__TASK INSTRUCTIONS__.
Line by line, the entries below are to be reproduced unaltered.

__DATA SUPPLIED__.
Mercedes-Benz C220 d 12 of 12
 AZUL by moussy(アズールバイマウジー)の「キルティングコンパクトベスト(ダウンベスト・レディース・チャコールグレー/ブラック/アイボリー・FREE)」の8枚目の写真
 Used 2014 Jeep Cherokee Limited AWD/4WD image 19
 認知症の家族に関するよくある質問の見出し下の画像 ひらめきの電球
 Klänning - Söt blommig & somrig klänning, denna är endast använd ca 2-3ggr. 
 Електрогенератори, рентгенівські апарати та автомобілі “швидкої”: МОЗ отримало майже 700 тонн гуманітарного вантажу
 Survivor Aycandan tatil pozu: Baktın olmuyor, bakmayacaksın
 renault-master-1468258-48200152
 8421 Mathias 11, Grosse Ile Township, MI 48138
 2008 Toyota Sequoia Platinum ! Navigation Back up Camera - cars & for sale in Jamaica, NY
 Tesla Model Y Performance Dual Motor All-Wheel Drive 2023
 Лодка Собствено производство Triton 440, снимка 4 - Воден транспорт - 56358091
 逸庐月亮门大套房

__RESULT__.
Mercedes-Benz C220 d 12 of 12
 AZUL by moussy(アズールバイマウジー)の「キルティングコンパクトベスト(ダウンベスト・レディース・チャコールグレー/ブラック/アイボリー・FREE)」の8枚目の写真
 Used 2014 Jeep Cherokee Limited AWD/4WD image 19
 認知症の家族に関するよくある質問の見出し下の画像 ひらめきの電球
 Klänning - Söt blommig & somrig klänning, denna är endast använd ca 2-3ggr. 
 Електрогенератори, рентгенівські апарати та автомобілі “швидкої”: МОЗ отримало майже 700 тонн гуманітарного вантажу
 Survivor Aycandan tatil pozu: Baktın olmuyor, bakmayacaksın
 renault-master-1468258-48200152
 8421 Mathias 11, Grosse Ile Township, MI 48138
 2008 Toyota Sequoia Platinum ! Navigation Back up Camera - cars & for sale in Jamaica, NY
 Tesla Model Y Performance Dual Motor All-Wheel Drive 2023
 Лодка Собствено производство Triton 440, снимка 4 - Воден транспорт - 56358091
 逸庐月亮门大套房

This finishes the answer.